No members of the public were there that day, as is practice for the task of certification, and the meeting was not recorded. The only proof of what happened in the meeting comes from the memories of those in attendance, scant meeting minutes that show how the members voted on certification, and a document that serves as official approval of the votes. After McClain voted against certification while silently approving it, he doubled down on his public-facing claim of denying certification by complaining about a letter sent by Democrats admonishing him for his vote.

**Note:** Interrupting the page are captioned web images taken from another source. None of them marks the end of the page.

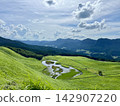 Green grasslands and Okame Pond in Soni Plateau, Nara 142907220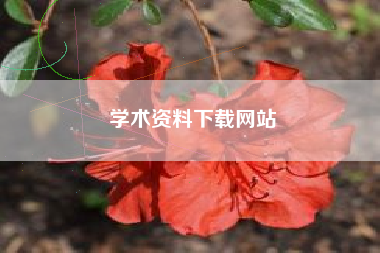 学术资料下载网站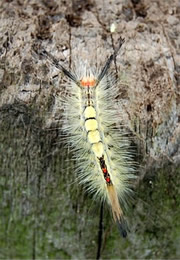 tussock moth caterpillar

“I think everybody here knows that if you’re going to try to bully or intimidate somebody, I’m probably not the good candidate for that (sic),” McClain said of the letter at a February meeting of the election board. “So, I’ll take it for information, but I’m not going to put up with it, and if I feel that my oath says I have to do something, that’s what I’ll do, regardless of someone’s interpretation of what they think might’ve been in the law.”
Lawyers I spoke with say that McClain’s actions don’t represent an obvious violation of election or open meetings laws, but they do make me wonder whether a county election board member could, for instance, publicly vote for certification only to refuse to sign the Certification of Returns.
“Voting against certification is not the same thing as signing the certification of returns,” Mike Hassinger, a spokesperson for Secretary of State Brad Raffensberger’s office, told me.
As to whether someone like McClain could, in the future, vote to certify results in public and then refuse to sign the official Certification of Returns behind closed doors, I guess that remains an open question.